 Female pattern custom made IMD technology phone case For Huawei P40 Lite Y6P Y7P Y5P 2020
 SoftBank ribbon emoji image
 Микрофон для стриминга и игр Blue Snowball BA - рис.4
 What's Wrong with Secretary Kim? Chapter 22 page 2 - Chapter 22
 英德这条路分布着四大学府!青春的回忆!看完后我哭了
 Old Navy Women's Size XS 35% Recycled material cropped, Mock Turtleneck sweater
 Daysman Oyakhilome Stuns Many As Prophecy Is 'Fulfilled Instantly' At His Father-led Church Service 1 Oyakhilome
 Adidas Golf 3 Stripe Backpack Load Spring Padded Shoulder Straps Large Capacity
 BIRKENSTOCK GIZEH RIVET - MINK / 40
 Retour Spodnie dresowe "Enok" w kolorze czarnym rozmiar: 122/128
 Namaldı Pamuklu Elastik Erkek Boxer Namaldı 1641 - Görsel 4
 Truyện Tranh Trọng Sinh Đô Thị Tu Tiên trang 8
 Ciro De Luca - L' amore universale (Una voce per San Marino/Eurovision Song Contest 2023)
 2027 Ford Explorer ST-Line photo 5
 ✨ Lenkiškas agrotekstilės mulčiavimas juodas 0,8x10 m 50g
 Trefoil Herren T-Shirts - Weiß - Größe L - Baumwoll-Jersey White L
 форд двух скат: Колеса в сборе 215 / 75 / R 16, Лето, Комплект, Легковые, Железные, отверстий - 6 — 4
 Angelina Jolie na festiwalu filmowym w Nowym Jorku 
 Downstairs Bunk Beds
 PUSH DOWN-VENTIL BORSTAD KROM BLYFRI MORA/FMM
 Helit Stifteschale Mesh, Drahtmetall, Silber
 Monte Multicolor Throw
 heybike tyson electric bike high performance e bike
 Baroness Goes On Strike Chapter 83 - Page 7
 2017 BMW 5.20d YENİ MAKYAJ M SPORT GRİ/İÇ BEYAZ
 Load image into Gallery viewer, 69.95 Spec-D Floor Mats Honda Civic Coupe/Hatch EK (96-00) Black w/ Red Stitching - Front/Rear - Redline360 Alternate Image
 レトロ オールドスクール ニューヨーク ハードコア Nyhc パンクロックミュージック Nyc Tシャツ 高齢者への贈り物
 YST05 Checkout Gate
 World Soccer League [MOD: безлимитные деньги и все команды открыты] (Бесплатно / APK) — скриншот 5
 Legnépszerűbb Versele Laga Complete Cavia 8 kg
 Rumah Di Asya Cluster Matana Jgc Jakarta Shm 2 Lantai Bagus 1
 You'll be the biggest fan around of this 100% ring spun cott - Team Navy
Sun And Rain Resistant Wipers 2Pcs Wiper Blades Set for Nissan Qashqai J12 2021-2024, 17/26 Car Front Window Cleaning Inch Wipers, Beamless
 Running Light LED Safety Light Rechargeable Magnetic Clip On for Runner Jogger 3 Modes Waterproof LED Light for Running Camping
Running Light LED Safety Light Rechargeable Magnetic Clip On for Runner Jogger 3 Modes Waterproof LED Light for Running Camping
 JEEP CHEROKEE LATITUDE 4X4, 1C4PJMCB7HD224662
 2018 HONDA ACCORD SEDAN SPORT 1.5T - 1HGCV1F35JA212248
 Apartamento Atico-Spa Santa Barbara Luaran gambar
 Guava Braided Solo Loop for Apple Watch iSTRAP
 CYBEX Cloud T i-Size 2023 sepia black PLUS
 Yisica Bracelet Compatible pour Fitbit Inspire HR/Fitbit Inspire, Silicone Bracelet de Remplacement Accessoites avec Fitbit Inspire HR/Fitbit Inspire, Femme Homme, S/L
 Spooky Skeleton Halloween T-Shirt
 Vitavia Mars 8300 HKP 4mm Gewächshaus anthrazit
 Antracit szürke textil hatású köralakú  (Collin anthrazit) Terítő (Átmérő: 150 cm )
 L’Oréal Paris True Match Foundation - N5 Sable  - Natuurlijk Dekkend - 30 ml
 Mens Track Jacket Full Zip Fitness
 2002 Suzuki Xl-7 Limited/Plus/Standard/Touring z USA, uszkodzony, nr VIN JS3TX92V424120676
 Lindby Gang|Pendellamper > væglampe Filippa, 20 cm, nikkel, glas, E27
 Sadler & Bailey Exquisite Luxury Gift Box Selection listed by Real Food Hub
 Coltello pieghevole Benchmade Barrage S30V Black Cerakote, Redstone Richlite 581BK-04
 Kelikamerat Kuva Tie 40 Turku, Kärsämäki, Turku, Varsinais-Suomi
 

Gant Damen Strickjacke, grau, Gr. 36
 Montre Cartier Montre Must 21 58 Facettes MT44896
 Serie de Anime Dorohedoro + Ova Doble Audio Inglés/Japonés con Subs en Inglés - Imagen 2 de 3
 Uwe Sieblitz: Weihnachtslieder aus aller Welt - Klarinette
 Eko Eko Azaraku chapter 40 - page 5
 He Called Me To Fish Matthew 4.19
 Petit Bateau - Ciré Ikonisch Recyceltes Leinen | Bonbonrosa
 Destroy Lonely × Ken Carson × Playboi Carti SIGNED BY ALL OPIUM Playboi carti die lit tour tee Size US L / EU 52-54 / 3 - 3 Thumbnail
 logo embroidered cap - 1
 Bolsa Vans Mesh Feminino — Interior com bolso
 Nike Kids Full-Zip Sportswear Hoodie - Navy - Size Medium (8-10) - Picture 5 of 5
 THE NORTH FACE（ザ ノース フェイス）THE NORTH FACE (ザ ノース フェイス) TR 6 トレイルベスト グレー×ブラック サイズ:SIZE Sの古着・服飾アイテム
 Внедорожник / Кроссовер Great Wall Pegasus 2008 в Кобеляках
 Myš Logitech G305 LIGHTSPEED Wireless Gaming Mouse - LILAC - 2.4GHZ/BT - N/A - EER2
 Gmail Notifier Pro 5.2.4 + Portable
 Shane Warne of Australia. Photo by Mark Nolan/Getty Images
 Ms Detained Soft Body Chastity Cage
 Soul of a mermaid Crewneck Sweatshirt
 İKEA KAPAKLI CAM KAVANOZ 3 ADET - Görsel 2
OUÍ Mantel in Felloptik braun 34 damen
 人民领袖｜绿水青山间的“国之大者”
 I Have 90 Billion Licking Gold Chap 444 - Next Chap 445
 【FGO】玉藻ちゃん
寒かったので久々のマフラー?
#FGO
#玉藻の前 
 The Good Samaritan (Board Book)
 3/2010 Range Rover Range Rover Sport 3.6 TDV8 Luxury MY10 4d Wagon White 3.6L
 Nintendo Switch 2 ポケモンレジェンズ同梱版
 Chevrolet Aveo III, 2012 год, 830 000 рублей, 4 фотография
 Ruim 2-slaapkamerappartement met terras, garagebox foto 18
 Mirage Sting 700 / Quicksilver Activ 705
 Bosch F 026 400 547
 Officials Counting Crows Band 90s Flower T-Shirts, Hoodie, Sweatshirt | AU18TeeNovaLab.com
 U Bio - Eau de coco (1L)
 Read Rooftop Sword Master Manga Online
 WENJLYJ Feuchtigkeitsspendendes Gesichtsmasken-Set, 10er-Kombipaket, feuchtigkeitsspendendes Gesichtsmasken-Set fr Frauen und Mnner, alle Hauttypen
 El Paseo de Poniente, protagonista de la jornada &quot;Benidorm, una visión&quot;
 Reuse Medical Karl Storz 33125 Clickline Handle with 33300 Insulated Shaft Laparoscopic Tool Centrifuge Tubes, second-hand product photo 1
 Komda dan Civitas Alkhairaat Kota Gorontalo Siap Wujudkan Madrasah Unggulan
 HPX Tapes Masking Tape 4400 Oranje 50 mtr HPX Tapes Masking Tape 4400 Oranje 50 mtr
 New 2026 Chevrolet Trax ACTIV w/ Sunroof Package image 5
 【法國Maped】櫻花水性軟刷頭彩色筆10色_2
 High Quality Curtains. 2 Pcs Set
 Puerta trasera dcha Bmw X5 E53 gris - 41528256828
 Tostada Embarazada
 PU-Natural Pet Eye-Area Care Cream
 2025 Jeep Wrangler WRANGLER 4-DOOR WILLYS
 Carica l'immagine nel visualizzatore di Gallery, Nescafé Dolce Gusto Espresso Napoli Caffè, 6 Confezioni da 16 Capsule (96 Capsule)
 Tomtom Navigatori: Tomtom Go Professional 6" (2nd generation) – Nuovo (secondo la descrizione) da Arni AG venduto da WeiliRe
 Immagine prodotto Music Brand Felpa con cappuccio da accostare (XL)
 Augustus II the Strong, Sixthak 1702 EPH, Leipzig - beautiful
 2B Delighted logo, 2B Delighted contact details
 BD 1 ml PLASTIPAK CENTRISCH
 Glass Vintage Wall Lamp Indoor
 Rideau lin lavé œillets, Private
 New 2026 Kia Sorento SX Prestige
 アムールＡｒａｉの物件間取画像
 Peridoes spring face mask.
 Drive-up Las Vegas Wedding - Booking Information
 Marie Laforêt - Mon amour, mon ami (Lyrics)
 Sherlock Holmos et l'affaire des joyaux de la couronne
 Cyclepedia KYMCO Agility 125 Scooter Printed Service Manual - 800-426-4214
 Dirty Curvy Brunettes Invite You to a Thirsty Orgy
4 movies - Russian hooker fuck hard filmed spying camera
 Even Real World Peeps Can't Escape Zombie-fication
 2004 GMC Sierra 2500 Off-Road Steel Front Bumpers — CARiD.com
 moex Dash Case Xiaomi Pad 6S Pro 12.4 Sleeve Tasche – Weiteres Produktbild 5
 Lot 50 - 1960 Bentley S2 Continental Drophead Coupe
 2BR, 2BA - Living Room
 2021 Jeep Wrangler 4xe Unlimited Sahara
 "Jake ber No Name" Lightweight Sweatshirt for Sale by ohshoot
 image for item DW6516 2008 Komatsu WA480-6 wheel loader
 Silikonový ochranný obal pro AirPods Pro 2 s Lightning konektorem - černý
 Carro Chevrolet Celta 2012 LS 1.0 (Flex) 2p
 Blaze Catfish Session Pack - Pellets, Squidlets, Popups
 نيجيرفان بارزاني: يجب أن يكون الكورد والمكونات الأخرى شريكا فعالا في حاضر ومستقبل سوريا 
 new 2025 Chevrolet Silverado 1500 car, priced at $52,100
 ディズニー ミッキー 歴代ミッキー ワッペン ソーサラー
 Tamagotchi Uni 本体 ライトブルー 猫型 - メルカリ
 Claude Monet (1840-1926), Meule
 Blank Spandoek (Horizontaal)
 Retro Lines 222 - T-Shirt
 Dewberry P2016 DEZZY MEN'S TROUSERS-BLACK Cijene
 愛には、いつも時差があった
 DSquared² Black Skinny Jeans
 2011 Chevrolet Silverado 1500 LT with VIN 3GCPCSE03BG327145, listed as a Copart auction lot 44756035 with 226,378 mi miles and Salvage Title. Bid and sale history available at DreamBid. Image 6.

· · · · ·

▶ **ASSIGNMENT**: Give the number of lines in the data that contain the string "Runner", and nothing else.

▶ **TASK SOLUTION**: 2